The same note of uncertainty introduced into the AWACS debate is likely to be echoed in all the other Mideast initiatives undertaken by the administration on the assumption that it could count on the backing of the largest and most militarily strong nation of the Arab world. Administration sources privately said yesterday it probably will take weeks, or even months, before they have a clear idea of whether Sadat's successors have the will and the capacity to continue his policies.
These sources stressed that the first indications were positive and that the new leadership appears inclined to keep Egypt on a course of continued military cooperation with the United States and peaceful relations with Israel, including negotiations on autonomy for the Palestinian inhabitants of Israeli-occupied territories.
But, in an assessment that differed from Meese's public reassurances, some sources cautioned that there still are questions about whether the assassination was an isolated phenomenon, perhaps instigated by outside forces, or a sign of deep-seated unrest that could lead Egypt into internal turmoil.
Also unclear at this point, the sources continued, is whether Sadat's close aides and associates will be able to work out a succession that does not prove divisive and then translate their rule into the kind of charismatic leadership that enabled Sadat to make such historically bold moves as initiating Egypt's rapprochement with Israel.
What is certain, the various sources agreed, is that the new Egyptian leadership, even if it proves to be pro-Western, will require a lengthy settling-in period to deal with the stirrings of domestic dissent that have become evident in the last month and to gauge its strength with the Egyptian masses.
As a result, the sources said, the outlook is for an extended period of introspectiveness by the new leadership while it tries to calm the country by addressing domestic concerns.

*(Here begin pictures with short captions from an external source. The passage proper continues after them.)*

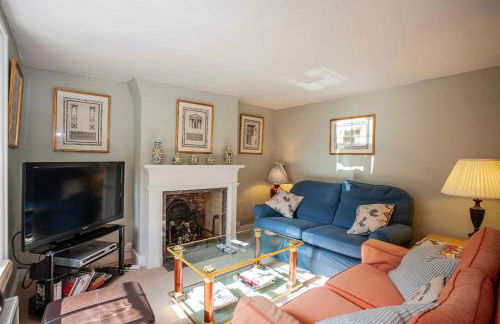 IVY COTTAGE - Foto 4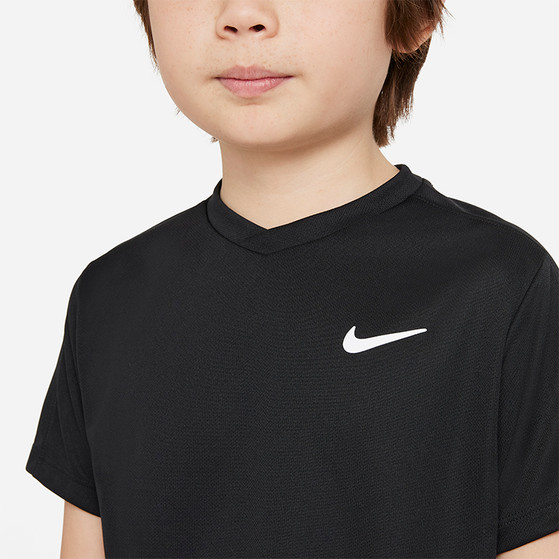 Nike Court Victory Top Jongens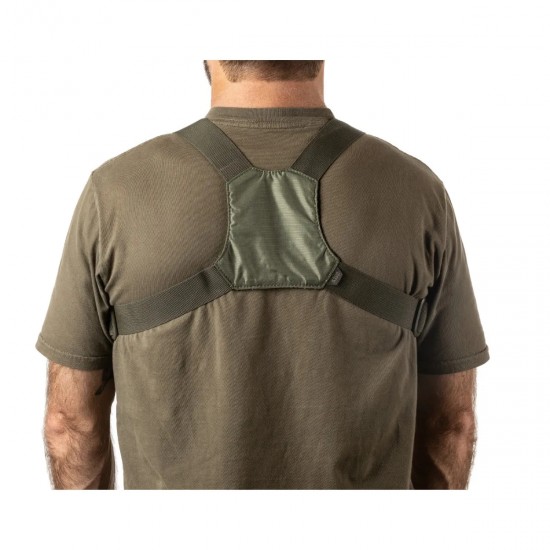 5.11 SKYWEIGHT SURVIVAL CHEST PACK Sage Green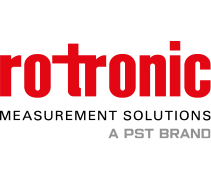 Logo: Rotronic AG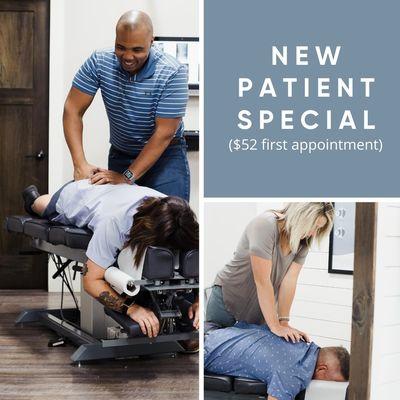 Full Life Chiropractic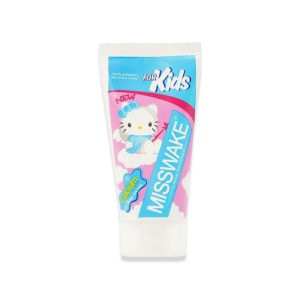 خمیر دندان کودک میسویک مدل کیتی حجم 50 میلی لیتر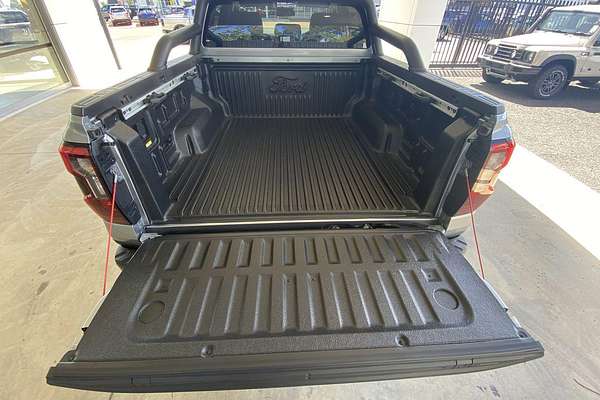 2024 Ford Ranger Sport 4X4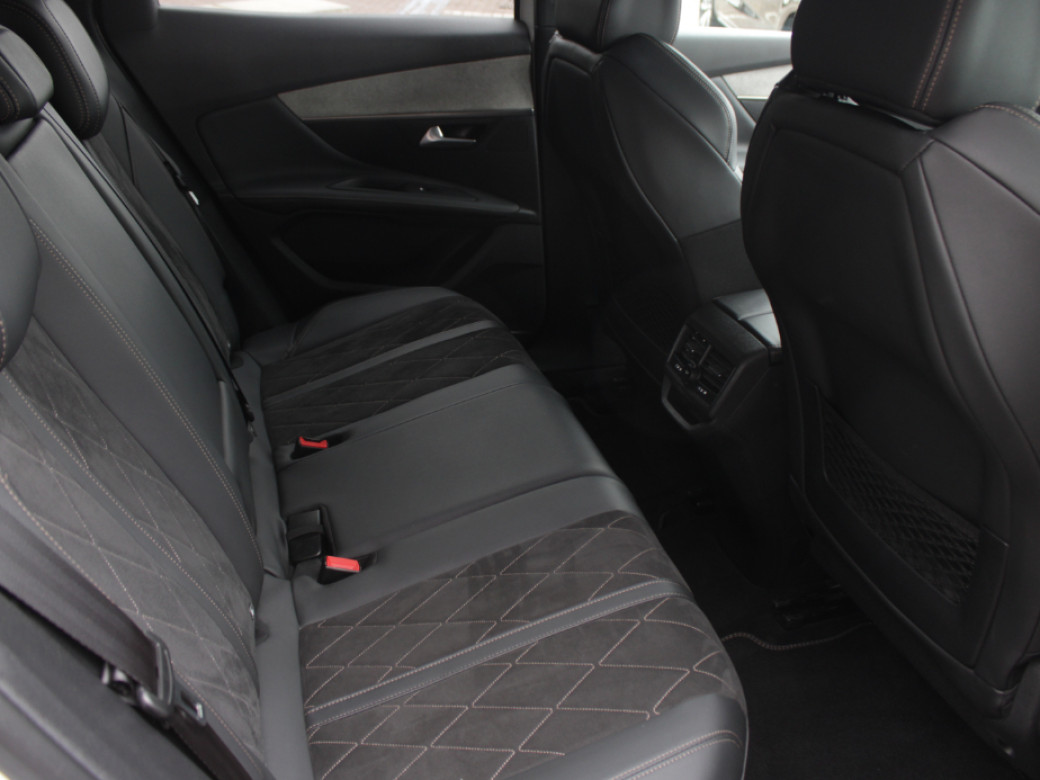 2019 Peugeot 3008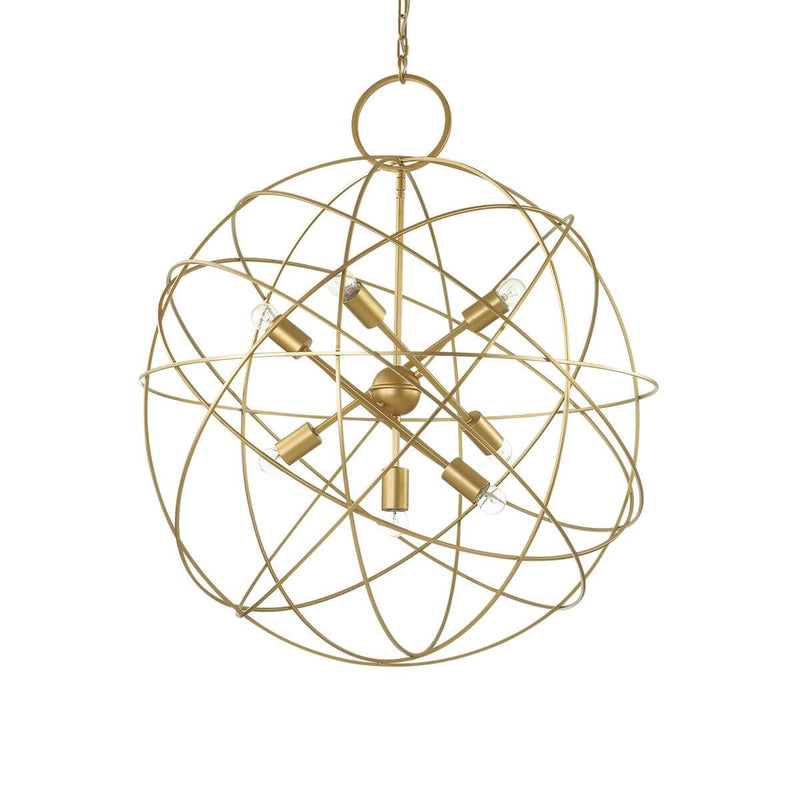 Suspension luminaire | Valmoreno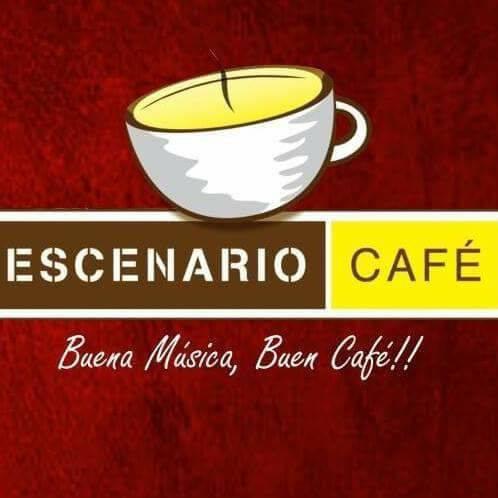 Escenario Café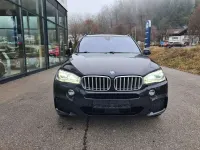 Gebraucht BMW X5 Comfort Edition 313 PS (230 kW) 2018 Carbonschwarz metallic SUV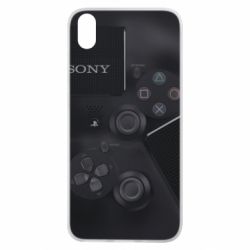 Чехол для Xiaomi Redmi 7A Big joystick - PrintSalon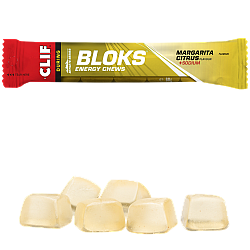 CLIF Bloks Energy Chews Testpaket *Fruchtgummi*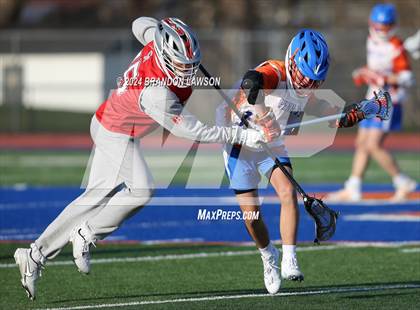 Thumbnail 2 in  Canandaigua @ Penn Yan (Scrimmage) photogallery.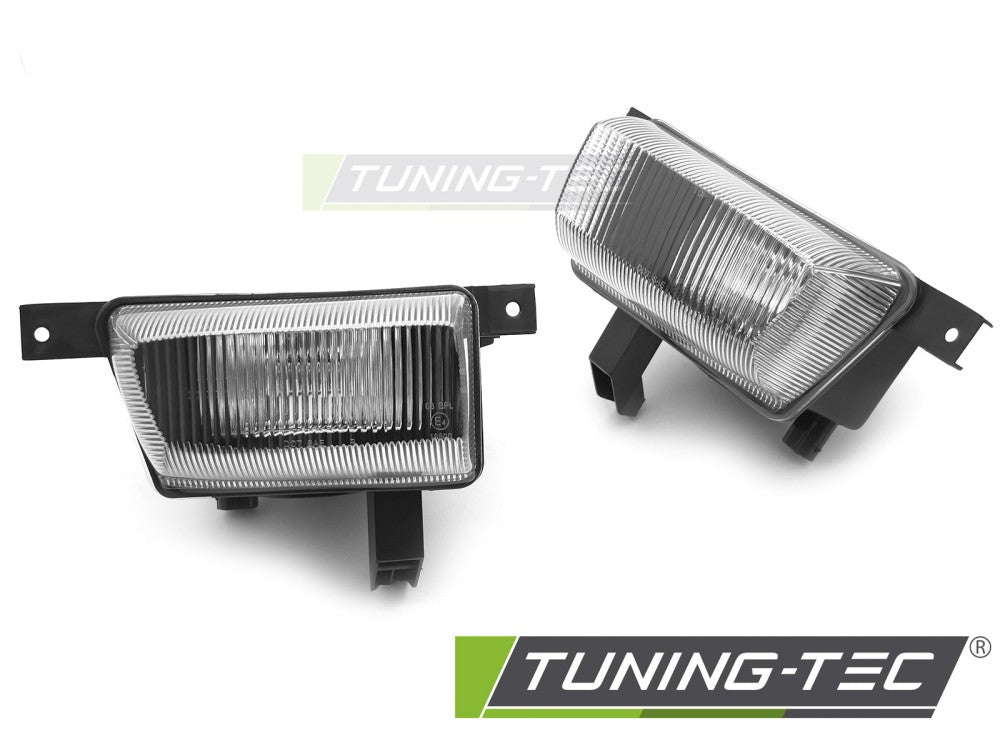 Fari Fendinebbia per Opel Astra (G (Mk2)) 1997-2004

While that process is underway, the sources added, Sadat's successors are likely to be wary of bold foreign policy initiatives and probably will take a go-slow approach to sensitive issues like the Palestinian autonomy negotiations; but U.S. officials remain hopeful that Egyptian friendship for the West will survive Sadat and eventually be put back on track.
That general attitude of cautious optimism apparently was conveyed to members of the Senate by Haig at a closed briefing late yesterday. The secretary refused to talk with reporters, but Sen. Alan Cranston (D-Cal.) said the thrust of Haig's remarks was, "So far, so good. They're following the constitutional process."
Cranston and other senators said Haig had especially harsh words for Libya and its broadcasting of incitements to the Egyptian people to rise up in revolt. The Reagan administration frequently has denounced Libyan leader Muammar Qaddafi as a supporter of world terrorism and a prime threat to peace in the Middle East.